Once in a while, sure. Most of the days out of the week or month and it’s not good.


----------



## notmyjamie (Feb 5, 2019)

He was probably worried something had happened to you. I think most people think staying out until 2am is not a good thing. If you tell him you'll be home at a certain time you should respect that. If something has to change you should update him. That's just basic consideration for your husband.


----------



## Harold Demure (Oct 21, 2020)

I don’t know if you do this regularly but the tone of your first post led me to believe you do. Does your husband stay out late on a regular basis and, if so, how do you feel about that?

I will add a caveat straight away that, if this is a one off, then ignore my comments below but you do say you are ALWAYS OUT WITH YOUR GIRLFRIENDS. 

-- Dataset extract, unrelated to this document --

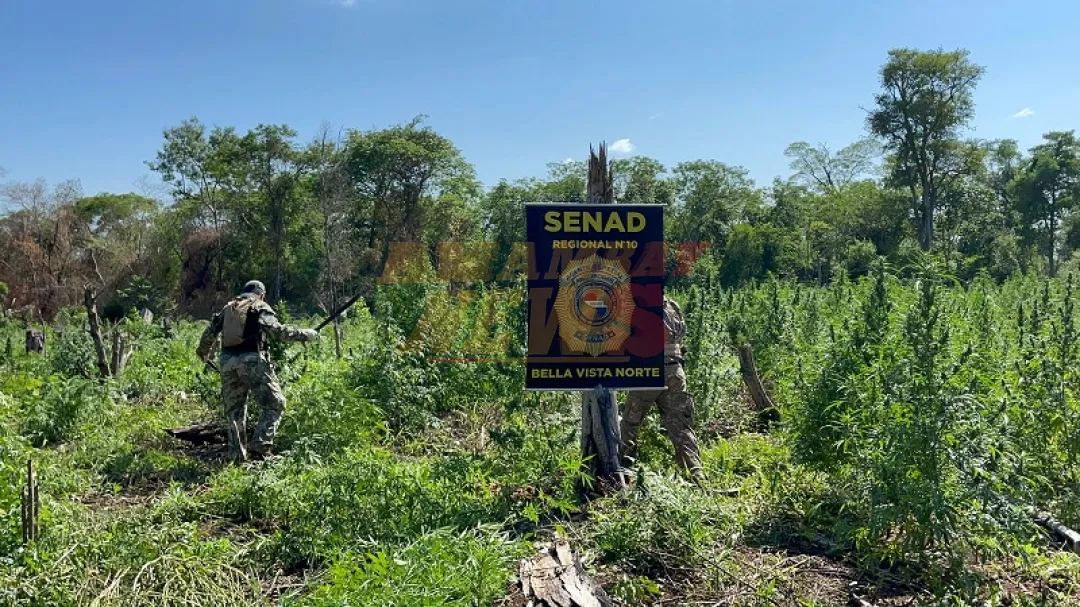 En 2 días anularon 218 toneladas de Marihuana en Amambay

Okay, so you don’t drink, take drugs or sleep around but you are neglecting your marriage and your husband is going to get used to you not being there. How long before he gets fed up with this and starts to seek companionship else where or some “female friend” offers smpathy. You have already had the WTF are you phone call and I can’t say I blame him. That is not a gender thing as I am sure many women would be making the same Phone call.

Don’t think it won’t happen to you because this site is full of people whose wayward spouses were feeling neglected, started talking to someone who offered a friendly ear and then found themselves in an EA or PA.

Obviously you should both have and enjoy friendships and you shouldn’t be tied to the house but there needs to be some balance here, which is what I would say if it was your husband. Only you can choose your priorities, make decisions about what is appropriate but your family will face the consequences if it results in a broken home.

Finally, not so sure about the pyjamas thing. Is it because you are being caring or is it because you want to hide the time you get home?

May be time to become a grown up?


----------



## Livvie (Jan 20, 2014)

How old are your kids?

Don't you work/have to get up in the morning?


----------



## SunCMars (Feb 29, 2016)

I agree.

A ladies PJ'S belong in bed. 

With her in them.

Or, with them on the floor and she in bed nekid' !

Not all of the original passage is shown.